(Input material)
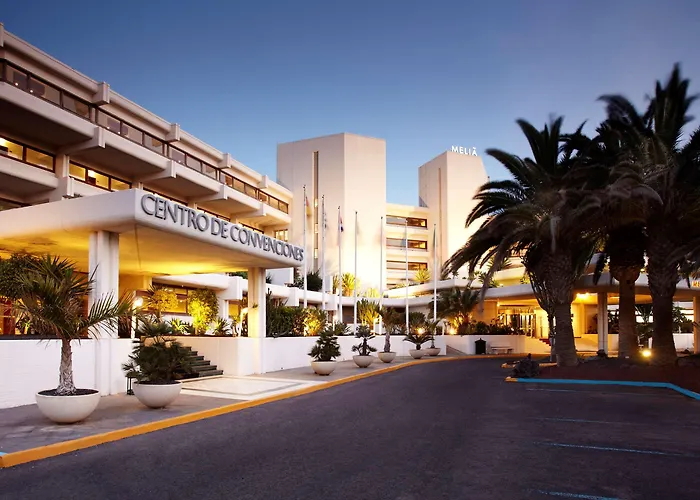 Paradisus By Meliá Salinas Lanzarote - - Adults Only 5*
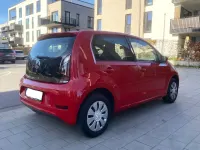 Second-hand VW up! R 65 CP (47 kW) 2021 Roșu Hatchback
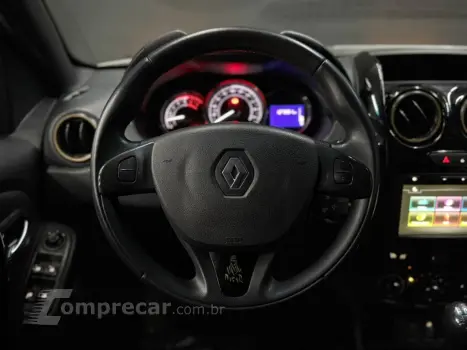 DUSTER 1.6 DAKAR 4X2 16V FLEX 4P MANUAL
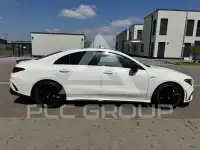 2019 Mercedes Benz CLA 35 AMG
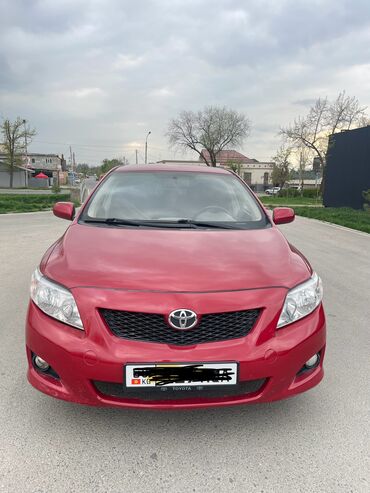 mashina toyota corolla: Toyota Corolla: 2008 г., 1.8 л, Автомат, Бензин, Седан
(End Input material)
**What is required**
What is needed is every record above, restated word for word, with the pictures left out.

**Task output**
 Paradisus By Meliá Salinas Lanzarote - - Adults Only 5*
 Second-hand VW up! R 65 CP (47 kW) 2021 Roșu Hatchback
 DUSTER 1.6 DAKAR 4X2 16V FLEX 4P MANUAL
 2019 Mercedes Benz CLA 35 AMG
 mashina toyota corolla: Toyota Corolla: 2008 г., 1.8 л, Автомат, Бензин, Седан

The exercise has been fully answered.